Update API Doc For Text-to-Speech

Apr 19, 2025 by ADMIN 34 views

Introduction

In this article, we will be updating the API documentation for the Text-to-Speech feature in Pollinations. The current documentation contains a mistake, which we will address in this update. We will also provide a detailed explanation of the correct API endpoint, payload structure, and developer role description.

Correcting the API Endpoint

The current documentation for the Text-to-Speech feature is located at https://github.com/pollinations/pollinations/blob/master/APIDOCS.md#text-to-speech-post---openai-compatible-%EF%B8%8F%EF%B8%8F. However, this documentation contains a mistake. The correct API endpoint for the Text-to-Speech feature is a GET request to the URL https://text.pollinations.ai.

Correct Payload Structure for OpenAI Compatible API

For the POST method that uses the URL https://text.pollinations.ai/openai, the payload structure is as follows:

{
  "model": "openai-audio",
  "modalities": ["text", "audio"],
  "audio": {
    "voice": "allow",
    "format": "pcm16"
  },
  "messages": [
    {
      "role": "developer",
      "content": "You are a versatile AI"
    },
    {
      "role": "user",
      "content": "Convert this longer text into speech using the selected voice. This method is better for larger inputs."
    }
  ],
  "private": false // optional
}

Developer Role Description

The developer role description is used to control the AI's behavior. This description is used to specify the role of the developer in the conversation. In the example above, the developer role is used to specify that the AI should respond to the user's input.

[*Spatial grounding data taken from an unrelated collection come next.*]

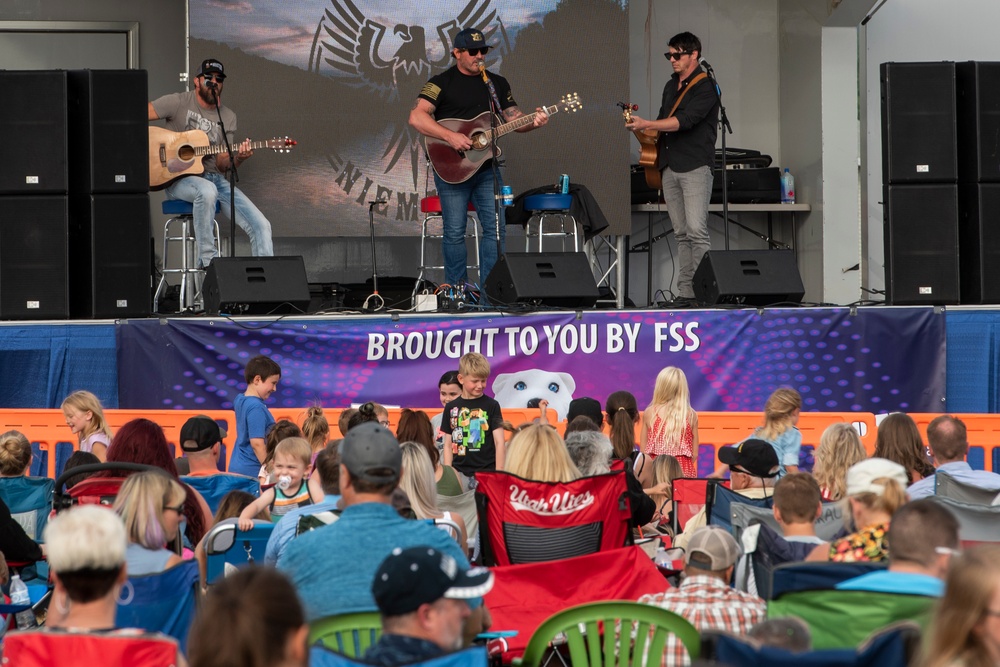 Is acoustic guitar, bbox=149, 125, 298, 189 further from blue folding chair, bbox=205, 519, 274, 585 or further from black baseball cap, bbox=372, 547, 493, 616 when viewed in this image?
black baseball cap, bbox=372, 547, 493, 616

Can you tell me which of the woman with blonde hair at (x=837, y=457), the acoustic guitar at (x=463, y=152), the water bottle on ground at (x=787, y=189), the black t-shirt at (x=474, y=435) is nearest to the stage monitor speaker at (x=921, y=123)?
the acoustic guitar at (x=463, y=152)

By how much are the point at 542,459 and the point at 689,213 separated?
5.05m

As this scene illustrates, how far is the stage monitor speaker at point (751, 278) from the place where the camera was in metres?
9.00

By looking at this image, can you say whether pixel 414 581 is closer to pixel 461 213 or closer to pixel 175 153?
pixel 461 213

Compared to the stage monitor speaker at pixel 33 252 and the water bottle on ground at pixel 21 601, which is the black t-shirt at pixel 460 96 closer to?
the stage monitor speaker at pixel 33 252

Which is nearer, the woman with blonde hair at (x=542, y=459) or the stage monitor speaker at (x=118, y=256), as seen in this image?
the woman with blonde hair at (x=542, y=459)

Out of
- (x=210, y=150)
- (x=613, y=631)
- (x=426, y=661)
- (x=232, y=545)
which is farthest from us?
(x=210, y=150)

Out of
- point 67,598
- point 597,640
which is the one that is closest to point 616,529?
point 597,640

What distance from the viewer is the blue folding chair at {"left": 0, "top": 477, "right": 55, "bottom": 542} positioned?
17.7 ft

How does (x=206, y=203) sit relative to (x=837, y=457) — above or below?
above

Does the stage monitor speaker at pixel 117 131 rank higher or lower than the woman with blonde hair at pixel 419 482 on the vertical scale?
higher

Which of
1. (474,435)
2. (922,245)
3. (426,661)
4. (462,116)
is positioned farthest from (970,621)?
(462,116)

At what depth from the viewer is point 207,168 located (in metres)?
10.1

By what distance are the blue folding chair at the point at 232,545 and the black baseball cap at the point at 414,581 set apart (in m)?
1.76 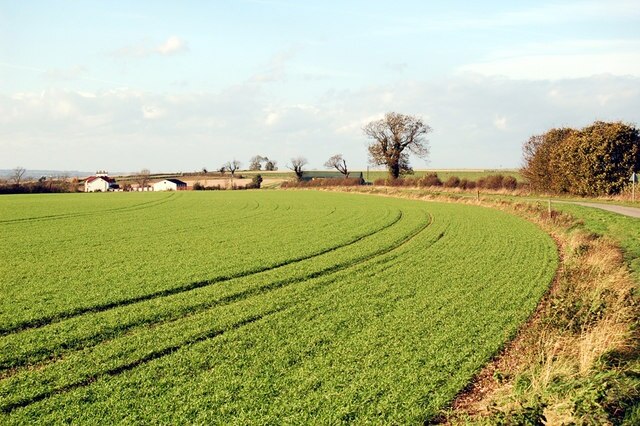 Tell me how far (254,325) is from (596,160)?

Correcting the API Documentation

To correct the API documentation, we need to update the following sections:

Text-to-Speech GET Request: Update the API endpoint to https://text.pollinations.ai.
Text-to-Speech POST Request: Update the payload structure to match the correct structure for the OpenAI compatible API.
Developer Role Description: Add a description of the developer role and its purpose in controlling the AI's behavior.

Updated API Documentation

Here is the updated API documentation for the Text-to-Speech feature:

Text-to-Speech GET Request

Endpoint: https://text.pollinations.ai
Method: GET
Description: This API endpoint is used to generate text-to-speech audio using the OpenAI model.

Text-to-Speech POST Request

Endpoint: https://text.pollinations.ai/openai
Method: POST
Payload Structure:

{
  "model": "openai-audio",
  "modalities": ["text", "audio"],
  "audio": {
    "voice": "allow",
    "format": "pcm16"
  },
  "messages": [
    {
      "role": "developer",
      "content": "You are a versatile AI"
    },
    {
      "role": "user",
      "content": "Convert this longer text into speech using the selected voice. This method is better for larger inputs."
    }
  ],
  "private": false // optional
}

Description: This API endpoint is used to generate text-to-speech audio using the OpenAI model. The payload structure includes the model, modalities, audio settings, messages, and private flag.

Developer Role Description

Description: The developer role is used to specify the role of the developer in the conversation. This role is used to control the AI's behavior and is an essential part of the Text-to-Speech feature.

Conclusion

Frequently Asked Questions

In this article, we will be addressing some of the most frequently asked questions about the Text-to-Speech API in Pollinations. We will cover topics such as the API endpoint, payload structure, developer role description, and more.

Q: What is the correct API endpoint for the Text-to-Speech feature?

A: The correct API endpoint for the Text-to-Speech feature is a GET request to the URL https://text.pollinations.ai.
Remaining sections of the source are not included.